- Required work:
Your task is to return, word for word, only the lines from the line with "Photo of One" through the close of the data. Exclude all pictures.

====== Material supplied

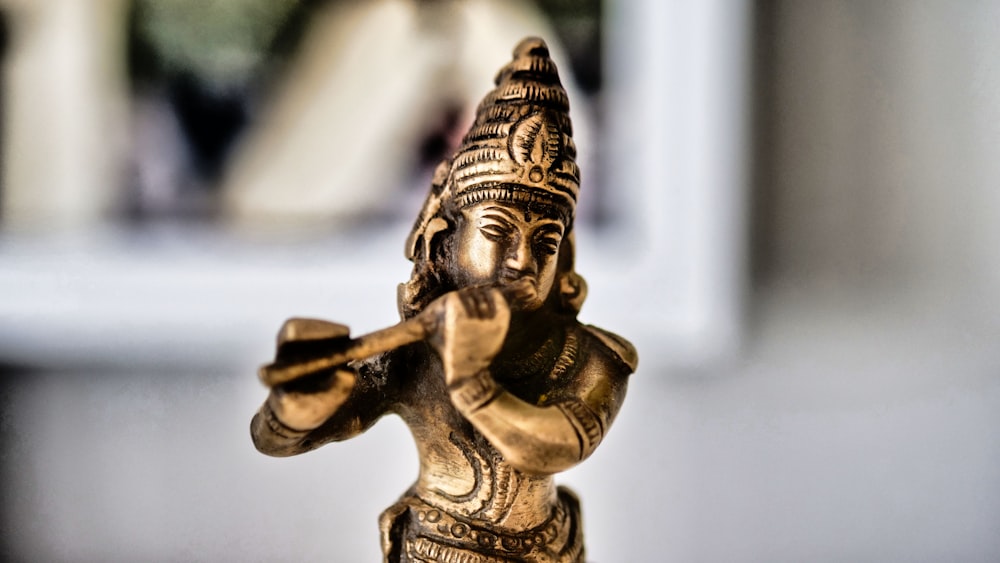 gold human figurine in tilt shift lens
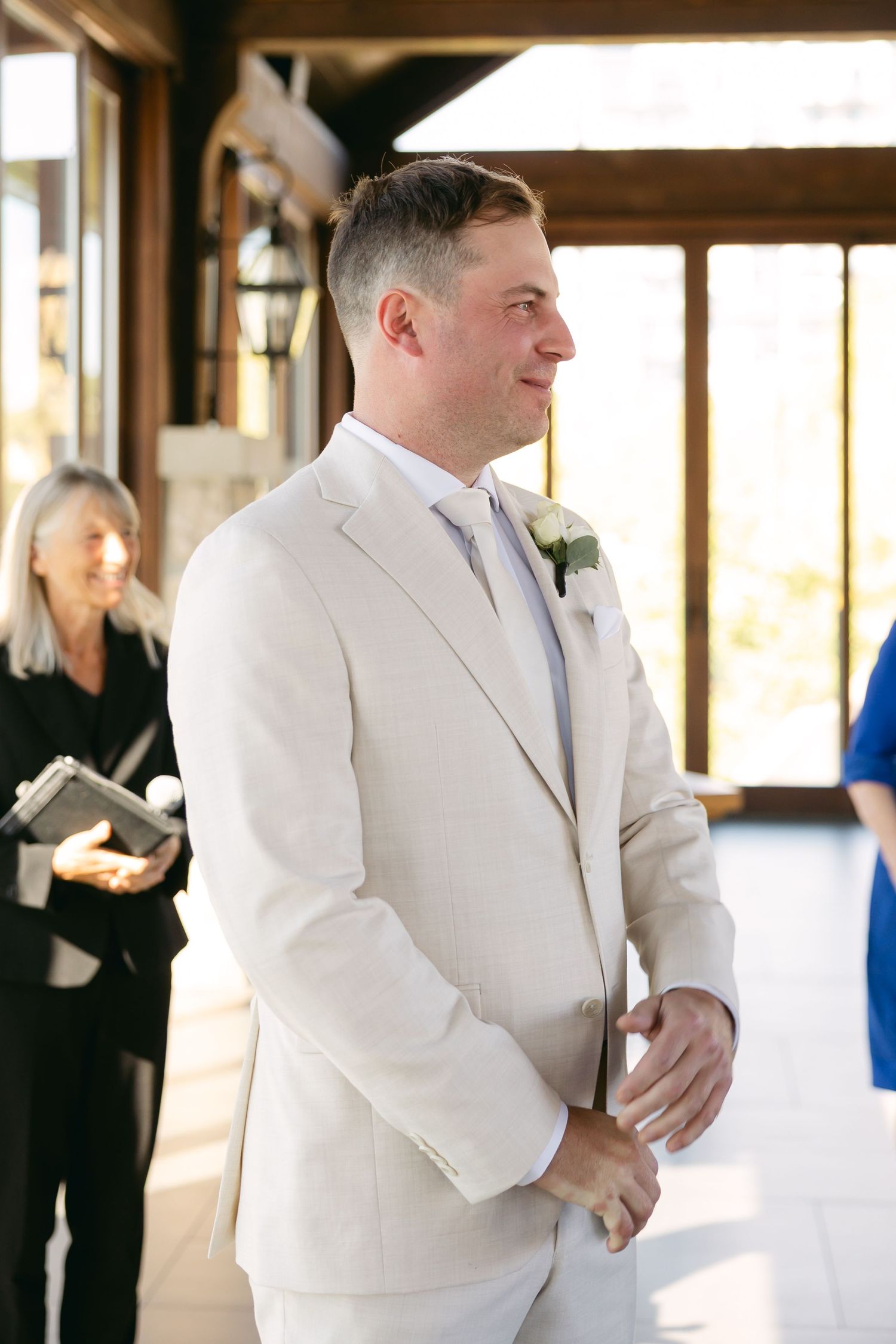 A groom in a cream colored suit stands at attention during a wedding ceremony in an elegant venue.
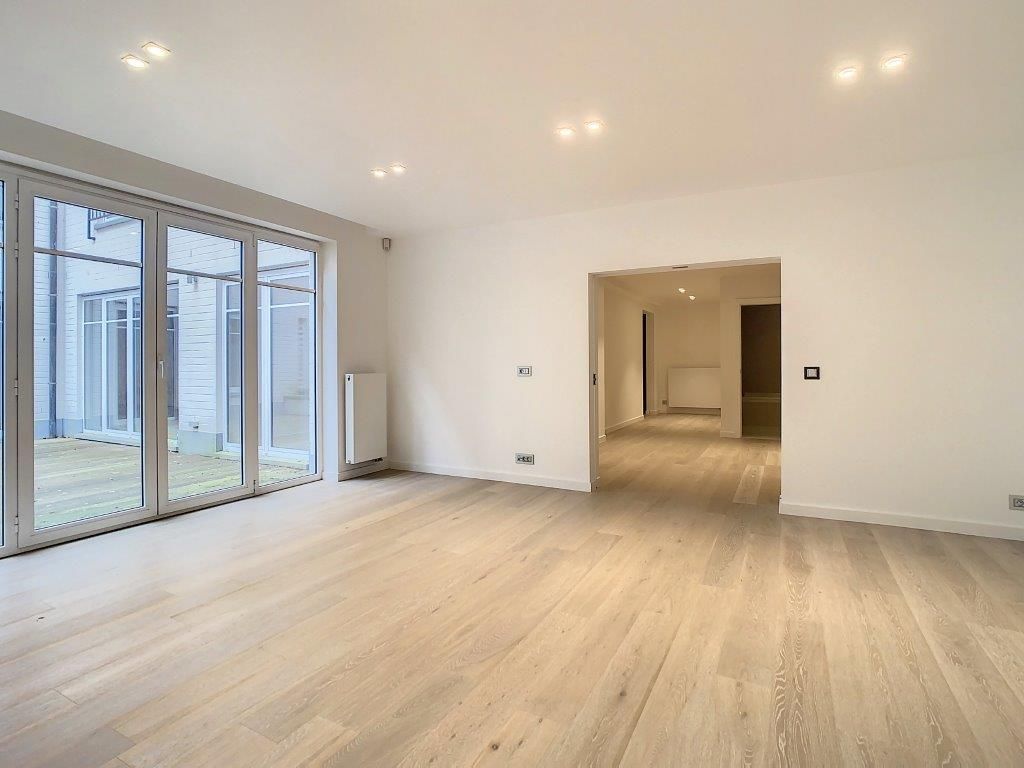 Salon lumineux avec grandes portes vitrées, parquet clair, espace ouvert et ambiance moderne.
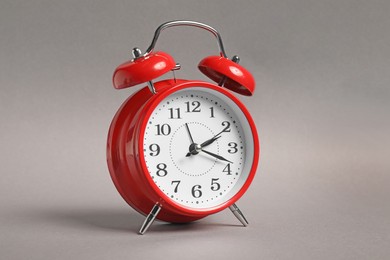 Photo of One red alarm clock on grey background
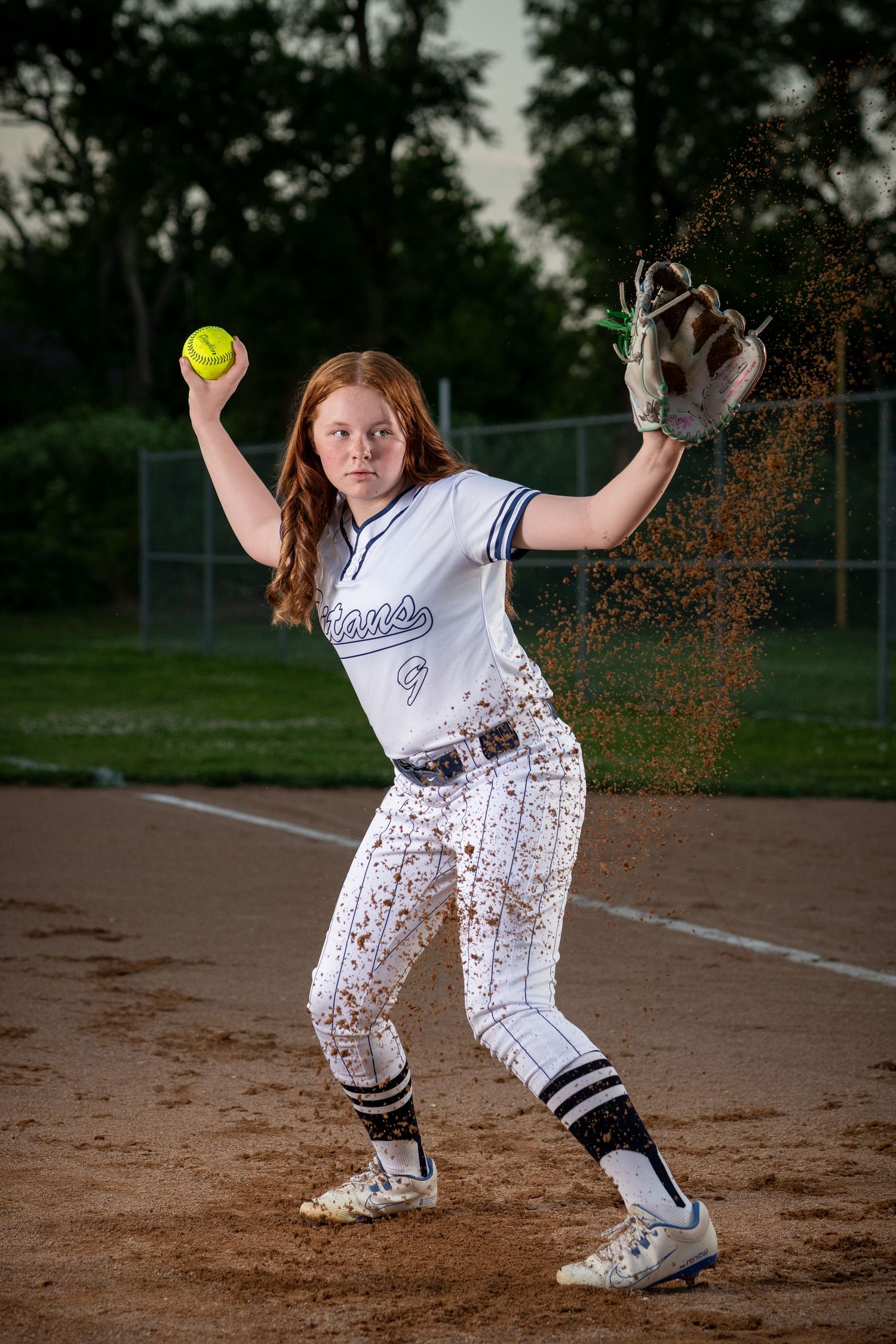 Softball player in white uniform pitches on a dirt infield at dusk with a dramatic dirt splash around them by Iowa sports photographer.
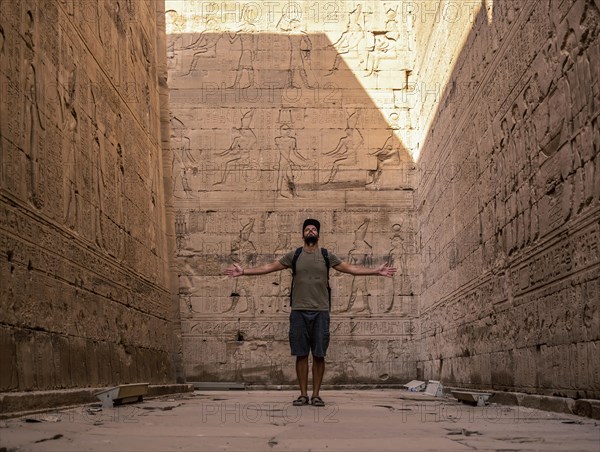 A young tourist visiting the beautiful temple of Edfu in the city of Edfu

============

- Response to this exercise:
 Photo of One red alarm clock on grey background
 Softball player in white uniform pitches on a dirt infield at dusk with a dramatic dirt splash around them by Iowa sports photographer.
 A young tourist visiting the beautiful temple of Edfu in the city of Edfu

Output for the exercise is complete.